But since the US is deeply aligned with the Sunni Arab monarchies, it has already chosen a side in the sectarian conflict. Between the lines, it is apparent that while the US is rhetorically sympathetic to Iraq's plight, there is a greater interest in undermining Iran's regional position. After all, the Iraq crisis is not an isolated event. It is a blowback of the Syrian crisis, where the US endorsed its regional allies, financing and promoting a de-stabilising and extremist rebellion in Syria that has finally spilled over into a much weaker Iraq. Arguably the dominant view in Washington is to now let its Shia and Alawite rivals get bogged down in an Iraqi quagmire.

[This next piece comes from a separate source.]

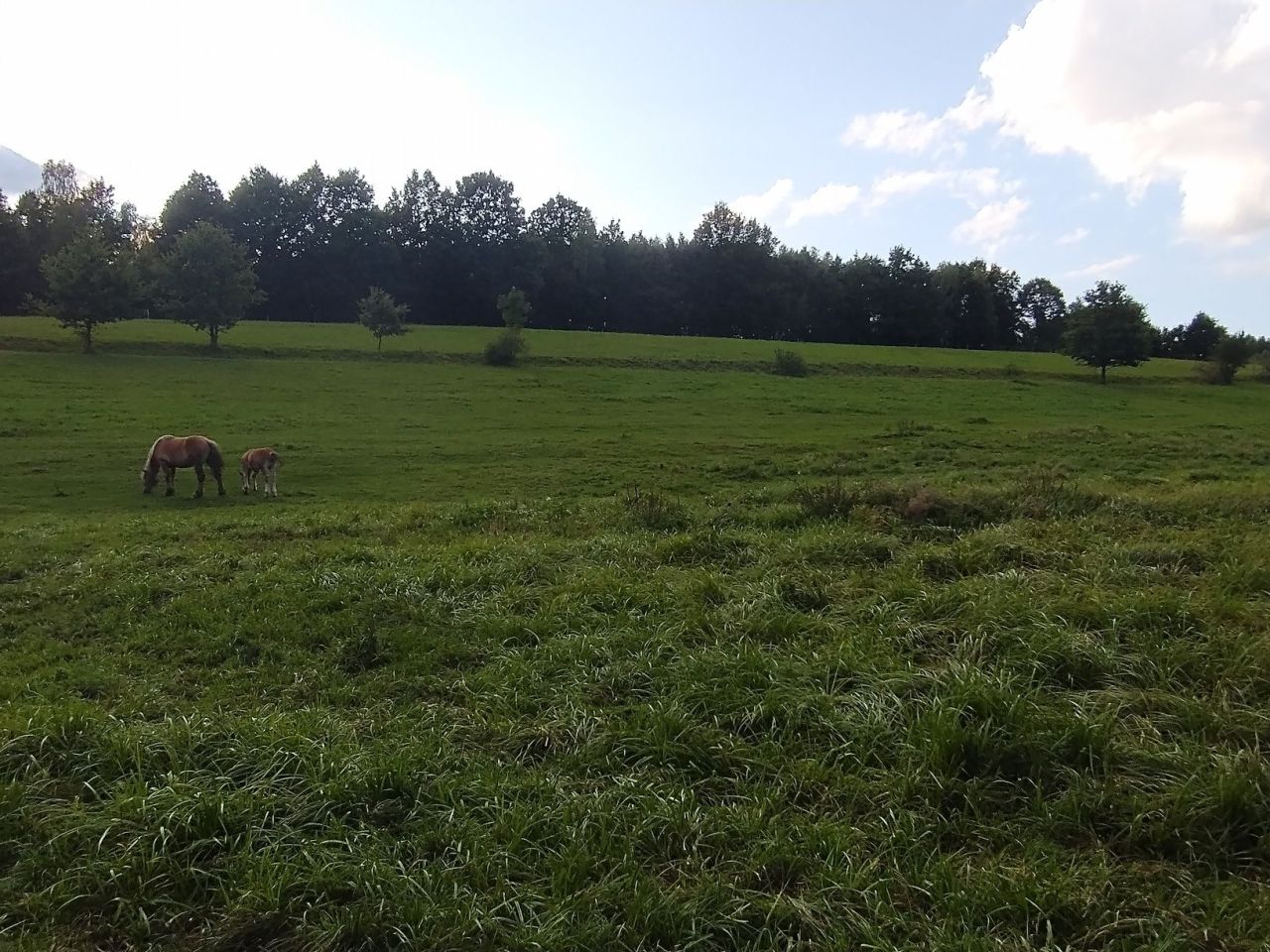 Działka budowlana Jaszkowa Górna. Zdjęcie 3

Interestingly, an Iranian official, Ali Shamkhani, dismissed Iran-US co-operation over Iraq, saying that Western commentary "is part of a psychological war, and is totally unreal". Shamkhani added that America had "encouraged the creation of terrorist groups such as ISIL". Indeed, Obama's own terse response to whether he expected co-operation from Iran was "old habits die hard".

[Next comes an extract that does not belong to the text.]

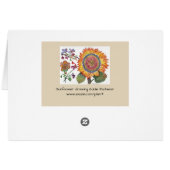 Early Day Sunflower Cards (Back Horizontal)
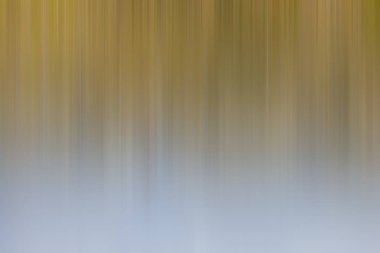 ışık soyut gradyan hareketi bulanık arkaplan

West Asia seems poised for an extended period of sectarian conflict, which is being underwritten and exacerbated by even deeper geopolitical cleavages.
As Asia braces itself, Delhi cannot lose sight of its national interests - energy security, securing a line of communication into Afghanistan, and, a stable extended neighbourhood. Iran is India's long-term geopolitical bet on all three issues.